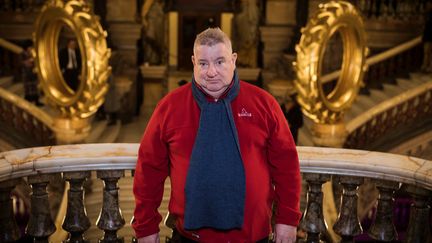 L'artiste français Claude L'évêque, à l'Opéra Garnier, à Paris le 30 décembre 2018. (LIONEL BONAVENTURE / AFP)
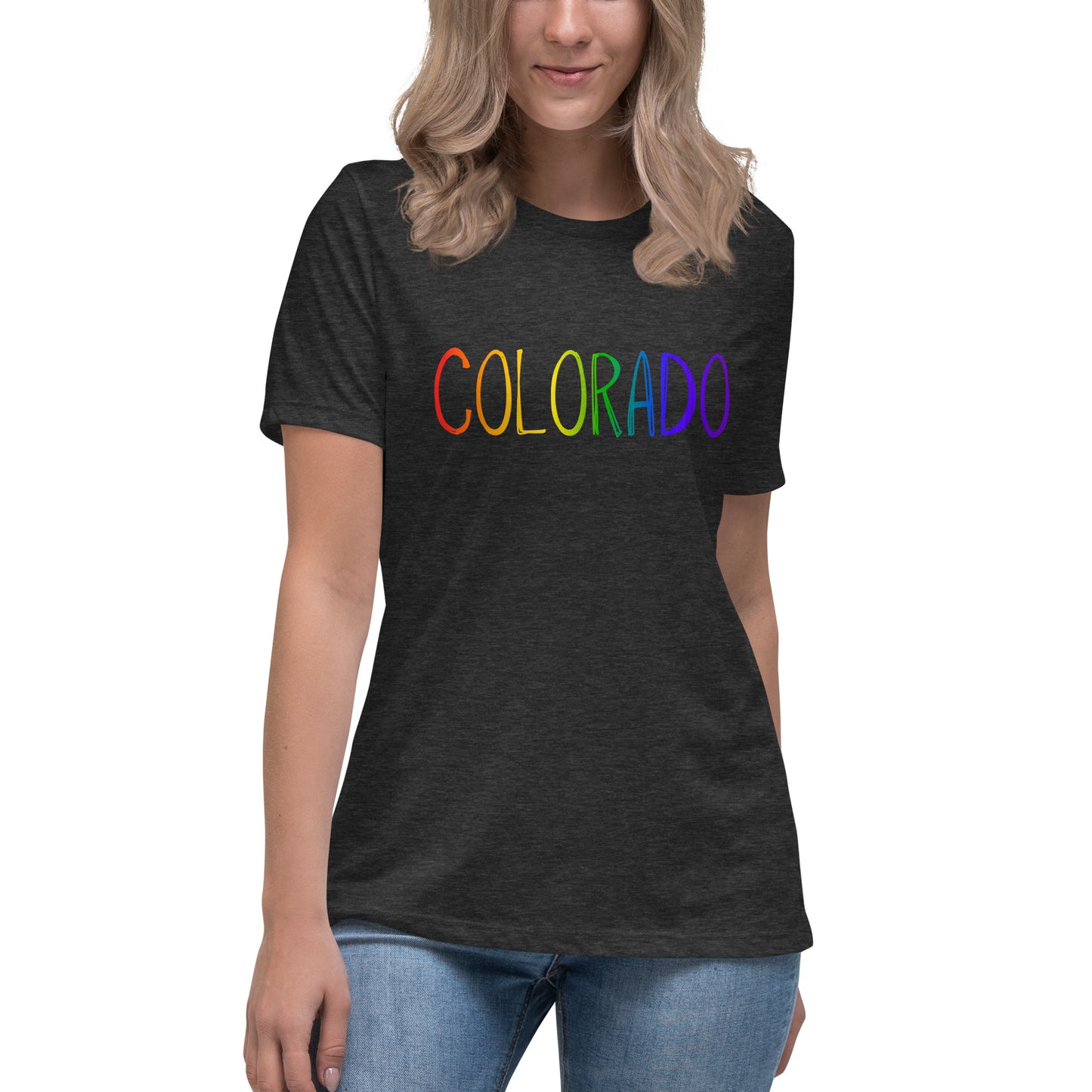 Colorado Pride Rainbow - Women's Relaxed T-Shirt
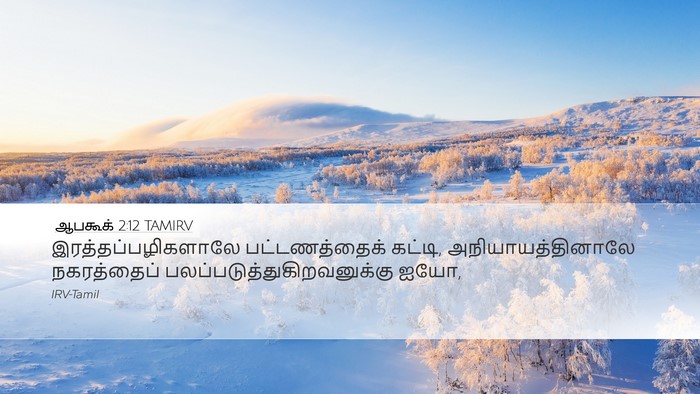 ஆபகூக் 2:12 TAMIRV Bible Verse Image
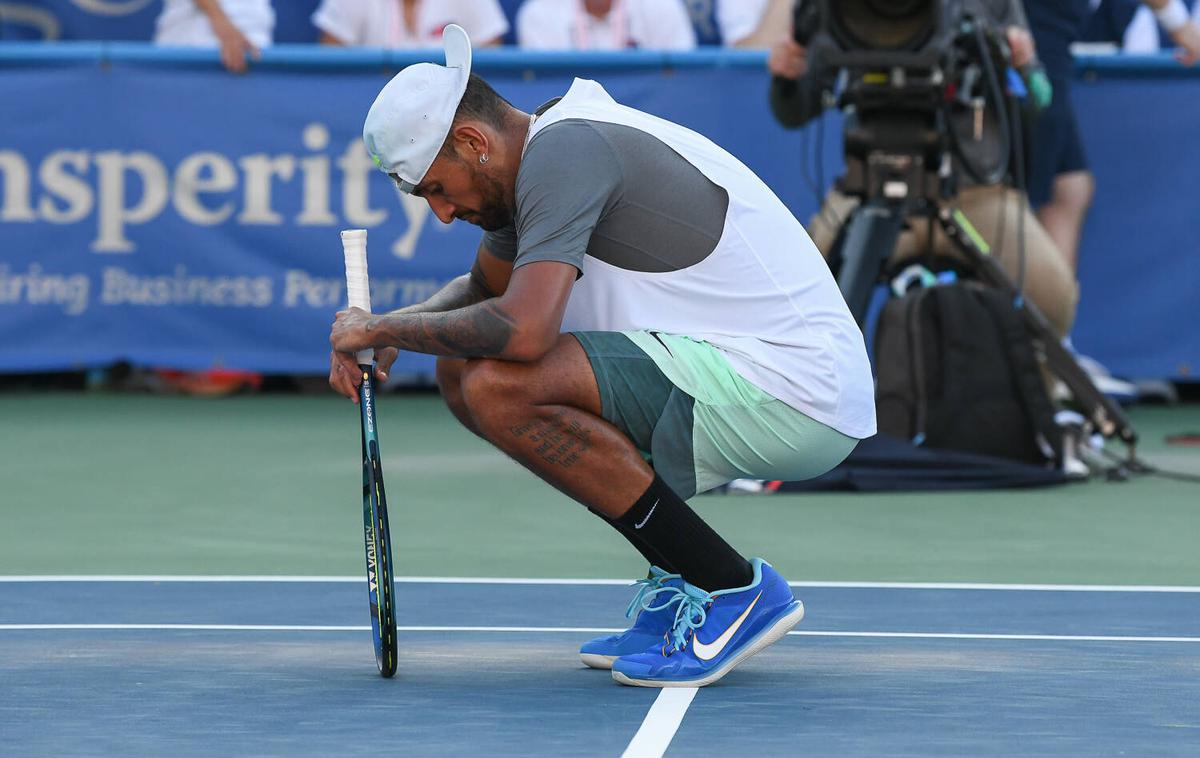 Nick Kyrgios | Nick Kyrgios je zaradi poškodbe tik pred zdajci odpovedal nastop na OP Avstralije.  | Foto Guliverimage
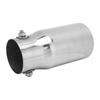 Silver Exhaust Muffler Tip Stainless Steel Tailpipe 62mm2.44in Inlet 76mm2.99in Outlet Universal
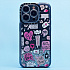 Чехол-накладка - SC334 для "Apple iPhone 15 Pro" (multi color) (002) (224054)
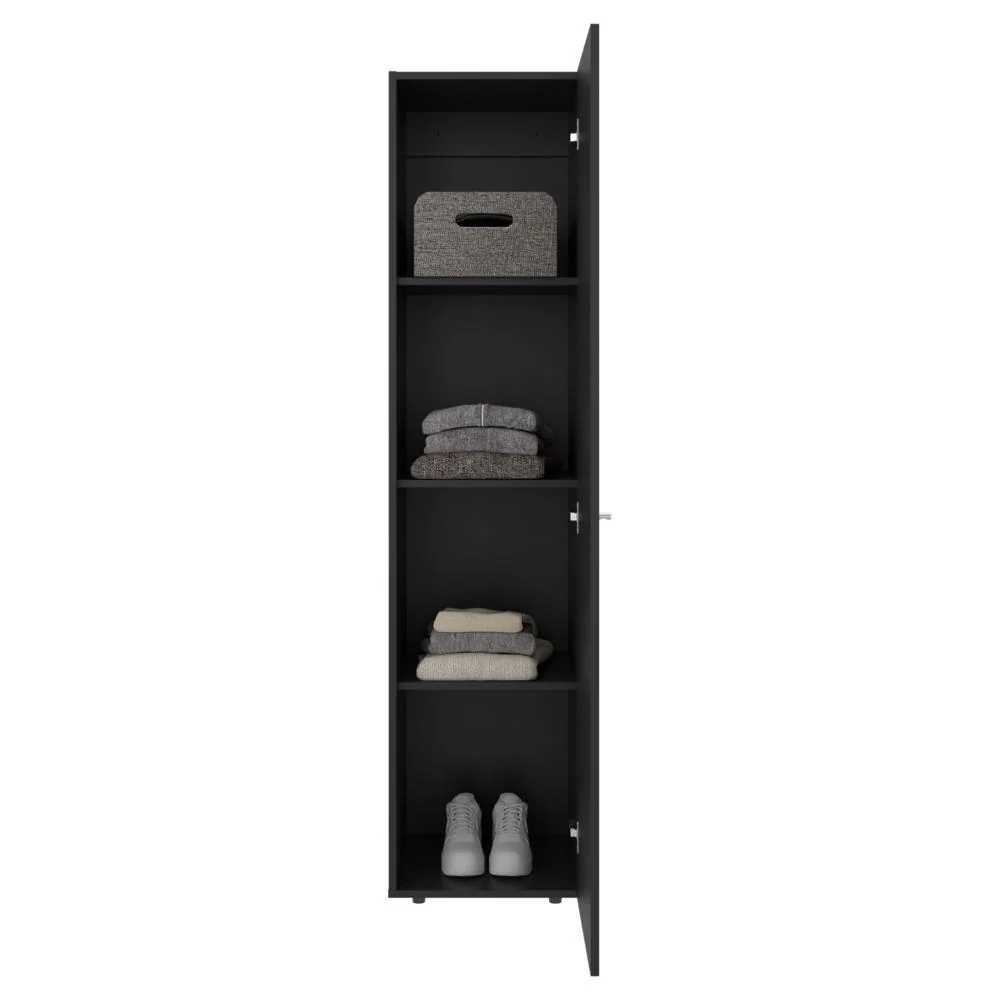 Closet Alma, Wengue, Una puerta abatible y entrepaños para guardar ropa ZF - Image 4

Task instructions.
Repeat the records above exactly. No pictures go into the repeat.

Output.
 L'artiste français Claude L'évêque, à l'Opéra Garnier, à Paris le 30 décembre 2018. (LIONEL BONAVENTURE / AFP)
 Colorado Pride Rainbow - Women's Relaxed T-Shirt
 ஆபகூக் 2:12 TAMIRV Bible Verse Image
 Nick Kyrgios | Nick Kyrgios je zaradi poškodbe tik pred zdajci odpovedal nastop na OP Avstralije.  | Foto Guliverimage
 Silver Exhaust Muffler Tip Stainless Steel Tailpipe 62mm2.44in Inlet 76mm2.99in Outlet Universal
 Чехол-накладка - SC334 для "Apple iPhone 15 Pro" (multi color) (002) (224054)
 Closet Alma, Wengue, Una puerta abatible y entrepaños para guardar ropa ZF - Image 4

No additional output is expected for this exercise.